First business, then pleasure: Thanks to prediction and machine learning methods, it’s not just workflows, but also complex diagnostics that are automated and standardized. Systems learn to evaluate process flows when they are used every day, and they can optimize themselves. This leads to improved processes that result in a long-term reduction of providers’ administrative work. AI is the key technology for digitalizing health care; it enables the transformation of health care, the development of precision medicine, and improved patient experiences. With state-of-the-art imaging technology and DNA sequencing processes, today diseases can be diagnosed earlier and more precisely than ever before. For example, the Hasso Plattner Institute is already developing models for detecting disease patterns in MRI images and molecular data and describing them statistically using large quantities of data.
The topic of prediction and machine learning offers especially great possibilities for medical device manufacturers. Based on experiential values and sensors attached to devices, precise predictions can be made about the wear of individual components, and ideally their automatic exchange can be initiated. Thanks to state-of-the-art technology, this predictive maintenance enables the “Internet of Things" (IoT), which networks physical and virtual objects around the world with one another.

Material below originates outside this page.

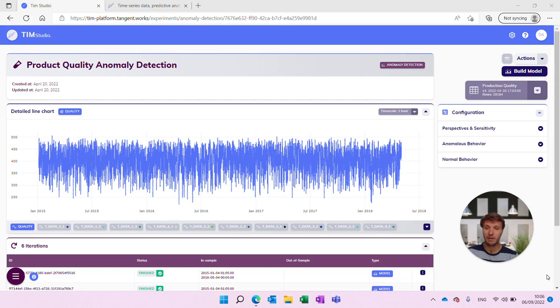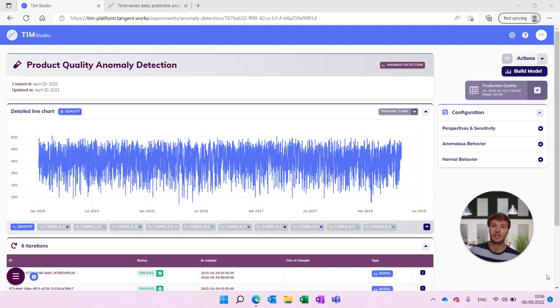Hello and welcome to another Time for Time series. Today we have a very interesting topic prepared for you. We're going to show you how to do proper product quality monitoring using our anomaly detection capabilities, and we're going to use root cause analysis on top of that to gain insights in your data. We're going to show you how to do all that from our Tim Studio. So without further ado, let's get into it.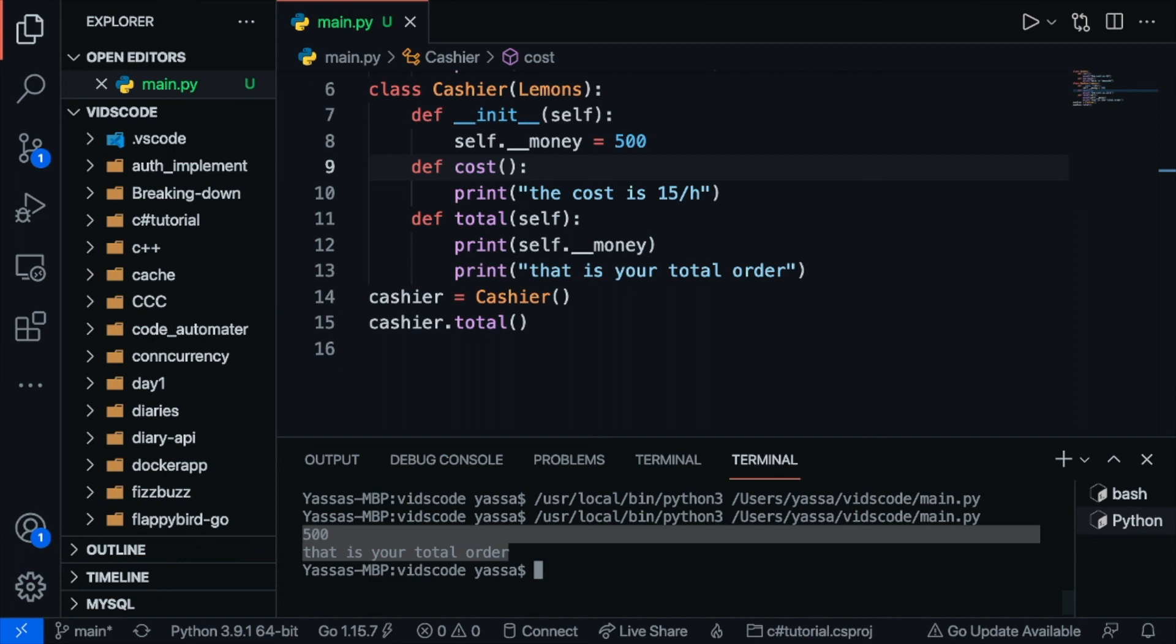So that's how encapsulation works and those are the four pillars of object oriented programming. Thank you guys for watching have a nice day.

At the moment in Germany, one the one hand, there are technological peak performances to be admired in some specialized areas such as medical technology; on the other hand, from the customers’ and patients’ point of view, things are a patchwork and there are few comprehensive digital solutions in sight that are thought all the way through. In the long term, digital experience management in health care will have to offer more than just electronic records. One of the biggest hurdles for a fantastic customer experience in health care is often the lack of a comprehensive view of the customer or user in question. If you want to inspire people with digital health care platforms, these platforms have to be able to map universal access to all health transactions and all of a patient’s interactions with the various service providers. For this, the actors in health care have to converge their services and form ecosystems to enable industry-spanning cooperation with health technology providers, for example. The path toward this goal can only be blazed in harmony with data privacy guidelines since medical data is rightly subject to a high level of protection. And don’t forget: In all of this, the person is the focus, regardless of his or her role: patient, caretaker, doctor, administrator, or something else. When the focus is on the person, the digital journey should be designed so that it is as pleasant, easy, and efficient as possible.